EXERCISE PROMPT >> If a line of the material contains "Black", copy it.

►

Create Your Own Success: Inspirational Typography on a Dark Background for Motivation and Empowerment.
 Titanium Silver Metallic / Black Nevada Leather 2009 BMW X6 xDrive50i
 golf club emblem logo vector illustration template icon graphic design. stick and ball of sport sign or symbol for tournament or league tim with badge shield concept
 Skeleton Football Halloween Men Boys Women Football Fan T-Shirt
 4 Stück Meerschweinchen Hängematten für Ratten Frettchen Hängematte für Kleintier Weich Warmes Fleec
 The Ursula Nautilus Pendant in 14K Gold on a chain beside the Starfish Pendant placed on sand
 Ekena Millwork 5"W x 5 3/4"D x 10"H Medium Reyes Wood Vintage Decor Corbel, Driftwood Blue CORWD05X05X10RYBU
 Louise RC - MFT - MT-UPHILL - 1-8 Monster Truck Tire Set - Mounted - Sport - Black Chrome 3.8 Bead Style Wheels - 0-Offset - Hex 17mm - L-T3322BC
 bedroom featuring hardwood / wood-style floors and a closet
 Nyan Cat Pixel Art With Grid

◄

EXERCISE OUTPUT >>
 Titanium Silver Metallic / Black Nevada Leather 2009 BMW X6 xDrive50i
 Louise RC - MFT - MT-UPHILL - 1-8 Monster Truck Tire Set - Mounted - Sport - Black Chrome 3.8 Bead Style Wheels - 0-Offset - Hex 17mm - L-T3322BC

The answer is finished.